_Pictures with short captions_

----

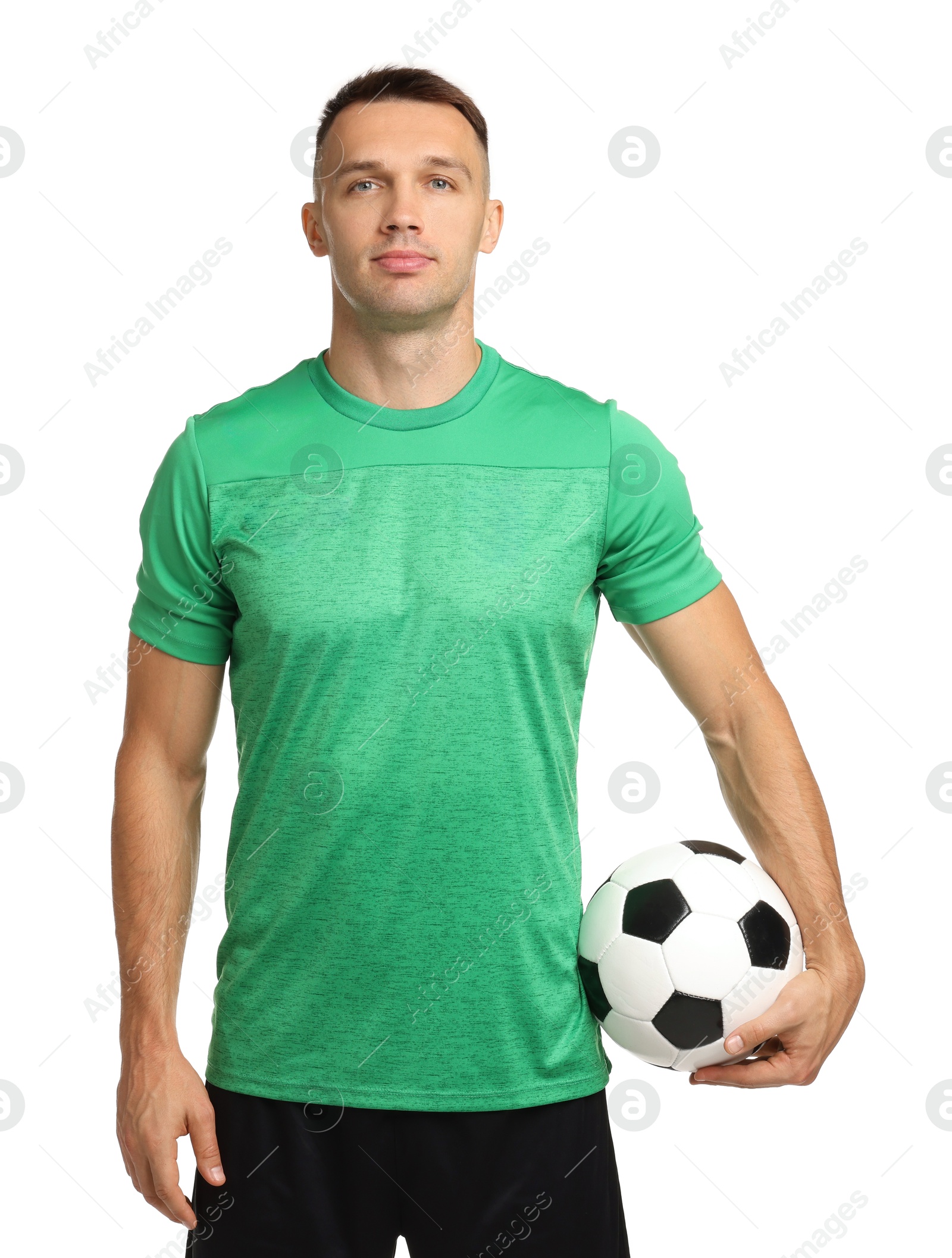 Photo of Football player with soccer ball on white background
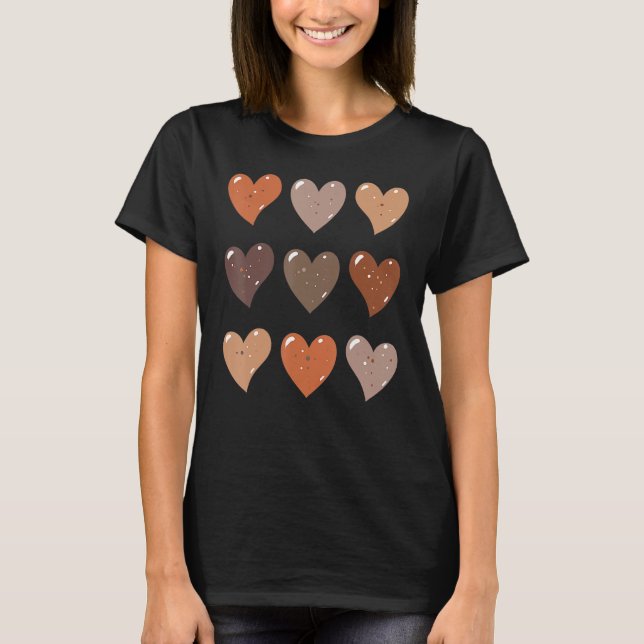 Skin Tone Hearts Black History Melanin Afro Africa T-Shirt (Front)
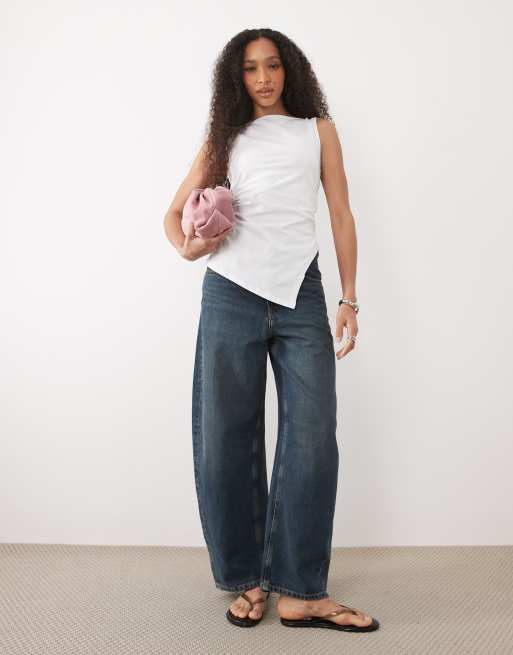 ASOS DESIGN - Top long asymétrique épais à encolure bateau - Blanc, 2 de 4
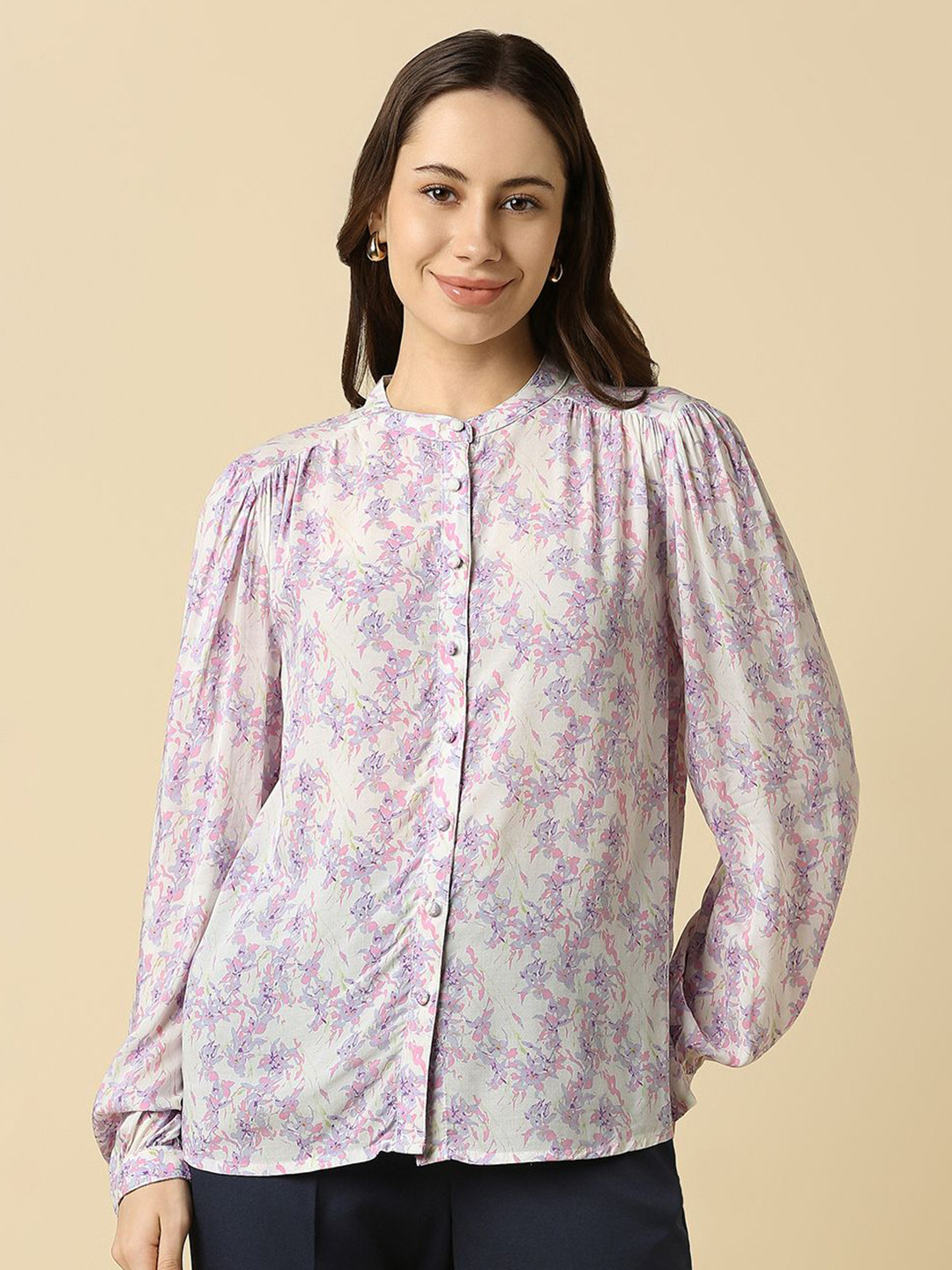 Allen Solly Woman Floral Printed Band Collar Long Sleeves Formal Shirt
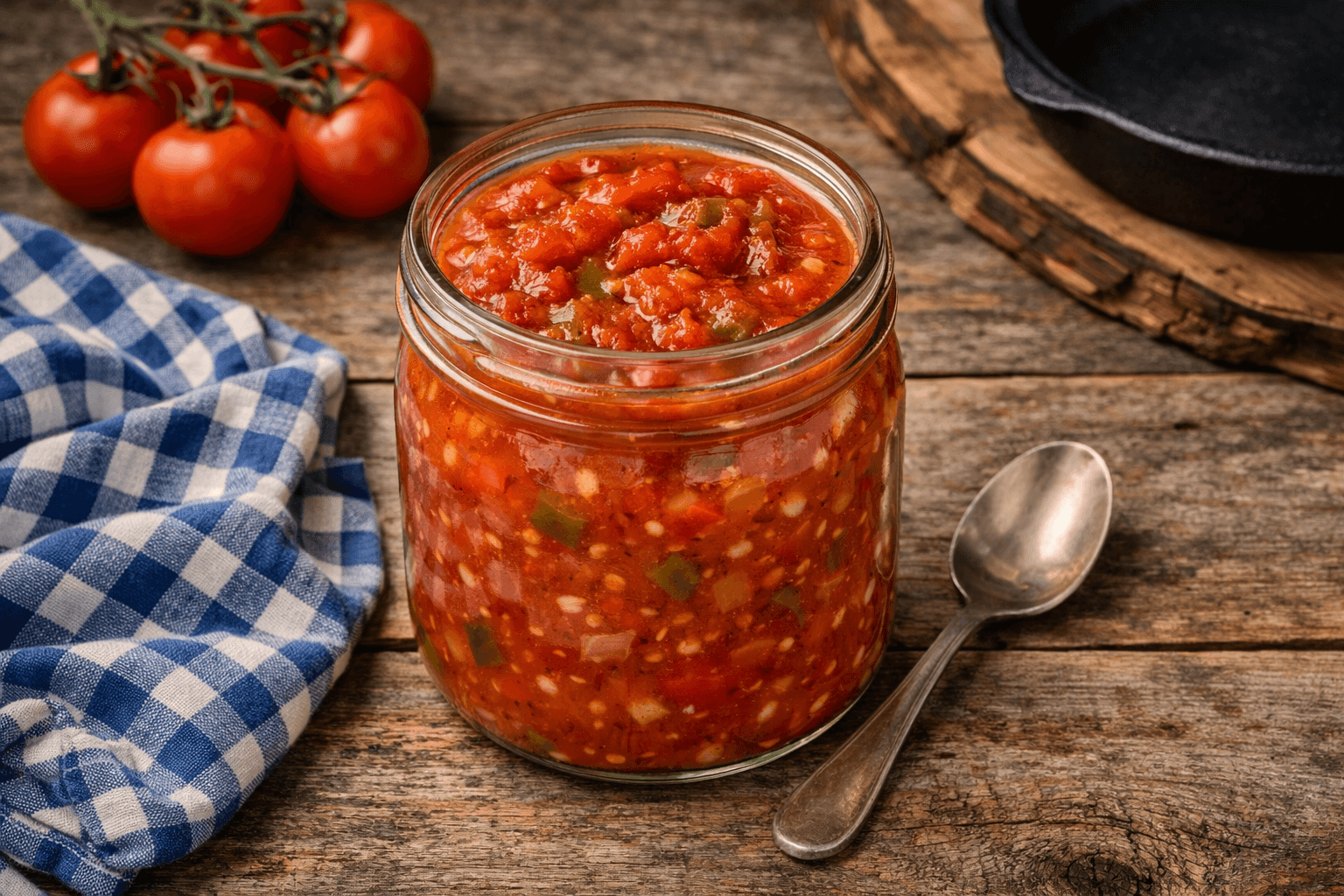 Homemade sweet chili sauce in a mason jar, ready for the shelf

----

For this exercise, return the records above in full and exactly, omitting the images.

 Photo of Football player with soccer ball on white background
 Skin Tone Hearts Black History Melanin Afro Africa T-Shirt (Front)
 ASOS DESIGN - Top long asymétrique épais à encolure bateau - Blanc, 2 de 4
 Allen Solly Woman Floral Printed Band Collar Long Sleeves Formal Shirt
 Homemade sweet chili sauce in a mason jar, ready for the shelf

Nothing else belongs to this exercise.